CB Mackensie Alexander - Alexander was slotted by many to go in the tail end of Round 1, but the Vikings got him with the 54th pick (second round). He projects as a slot corner in the NFL, and with Captain Munnerlyn playing in a contract year, the Vikings may be anxious to see what they have in the Clemson product. . .or, they could do much the same as they did with last year’s first round pick, Trae Waynes, and give him a season to adjust to the NFL game before throwing him out there.
TE David Morgan - Rhett Ellison, the Vikings’ regular “blocking” tight end, tore his patellar tendon in the regular season finale, and though he’s stated he’ll be ready for Training Camp, there’s a very good chance that he will start the season on the PUP list. That’s where Morgan should come in. The first player from noted football powerhouse Texas-San Antonio to be drafted into the NFL, the Vikings said after the draft that Morgan was the best blocking tight end available in this year’s class. With the Vikings’ love for multiple tight end sets, Morgan could see himself making an early contribution to the Minnesota offense.
Biggest offseason addition: It has to be Boone. . .or, at least, the Vikings better hope that it’s Boone. He figures to slot in at left guard after Brandon Fusco’s shift from the right side in 2015 turned out to be a disaster. He’s shown the ability to play at a high level, and hopefully he’ll be teaming with Matt Kalil to improve Bridgewater’s blind-side protection and clear holes for the defending NFL rushing champion, Adrian Peterson.
Biggest storyline heading into training camp: The competition along the offensive line. The offensive line was the biggest weak spot on the Minnesota roster by a considerable margin in 2015, and with Tony Sparano now coaching the offensive line, the Vikings went out and gave him plenty of able bodies to grade during camp. The Vikings currently have nine offensive lineman on the roster that have each started for a full 16-game season in the NFL (Kalil, Boone, John Sullivan, Fusco, Phil Loadholt, Joe Berger, Andre Smith, Mike Harris, T.J. Clemmings), and they also have some young players that they thought highly enough of to trade draft picks and/or players for. Outside of Boone, nobody. . .not even Kalil. . .appears to be guaranteed a starting spot on the offensive line at this point, and hopefully the competition will lead to a much better unit than the team had in 2015.
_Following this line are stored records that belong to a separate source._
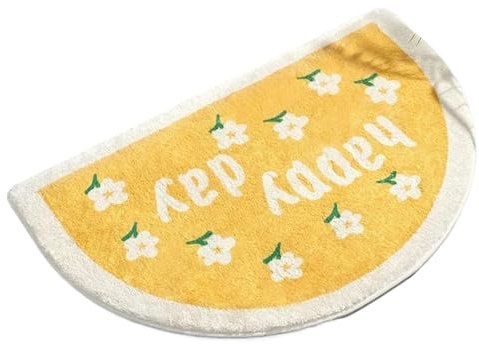 Soft Floor Mats Small Fresh Text Flowers Rugs Home Entrance Carpet Bedroom Toilet Bathroom Door Absorbent Non-Slip Foot Pad(Yellow)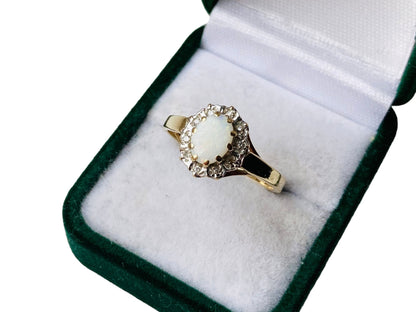 9ct Gold Opal & Diamond Ring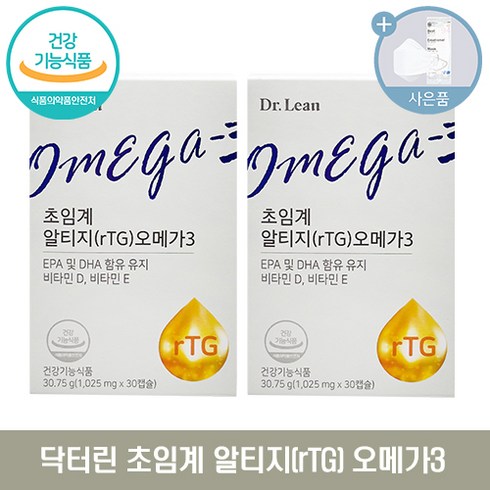 닥터린 초임계 알티지 오메가3 식약처인증 rtg 오매가3 + 씨오케이마스크 증정, 30정, 2개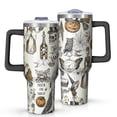 thumbnail image 1 of Beige Halloween Skull Pumpkin Pattern Tumbler with Handle and Lid,40oz Double Wall Vacuum Insulated Tumbler,Cups Gift for Women and Men, 1 of 7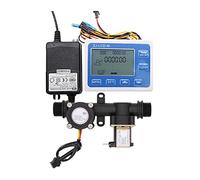 Water Flow Meter, Digital Display Water Flow Meter Flow Quantitative Controller Flow Sensor Solenoid Valve Integrated Valve Use to Control and Display Liquid Flow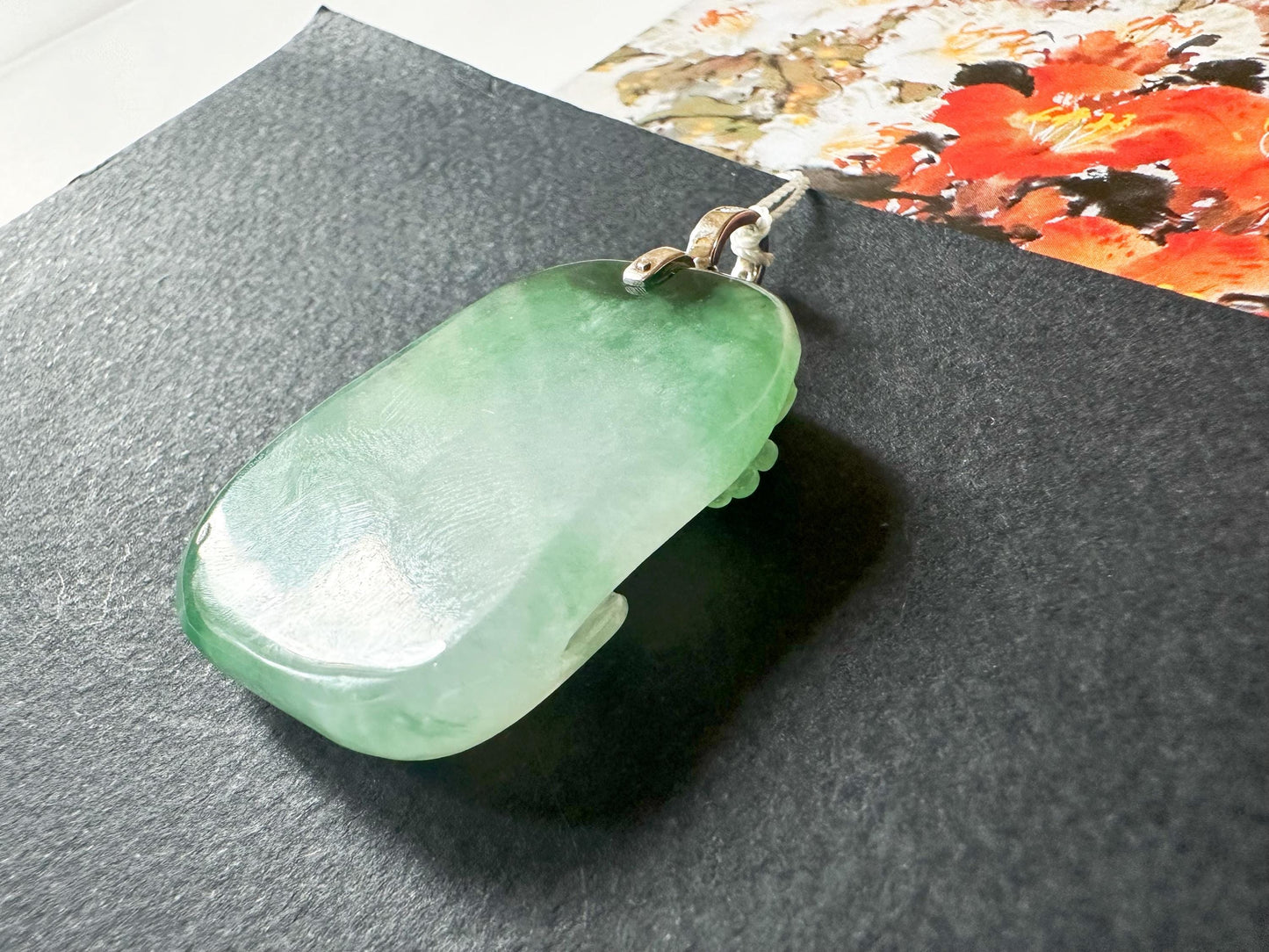 Natural Myanmar Icy Type Jade Pendant with 18K Gold Diamond Bail, Buddha Meditating under a Tree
Under-the-radar storyline heading into training camp: Adrian Peterson’s role in the offense. Yes, Peterson is still the best pure rusher in the National Football League, but he still has the same limitations in his tenth season that he had when he came into the league in 2007. He can’t run out of the shotgun, he can’t (or won’t) pass block, and he’s not that great a threat as a receiver. Those things place severe limitations on the Vikings offense, making them among the most predictable in the league. The Vikings have a dynamic, athletic young understudy for Peterson in third-year man Jerick McKinnon, and with Peterson due to see an outrageous amount of money in 2017 ($18 million), the Vikings could look to expand McKinnon’s role in the offense to see if the former option quarterback can be the man in the backfield going forward. It would probably be best for the Vikings’ offense if they did.
Notable injuries heading into training camp: A few players that finished last season with nagging injuries, notably linebacker Anthony Barr and defensive tackle Linval Joseph, were held out of portions of OTAs and mini-camp as a precaution. Mike Zimmer said that he fully expects them to be ready for the start of camp. The other significant injury is Ellison’s knee issue that we mentioned earlier, with the tight end likely to start the regular season on the Physically Unable to Perform List.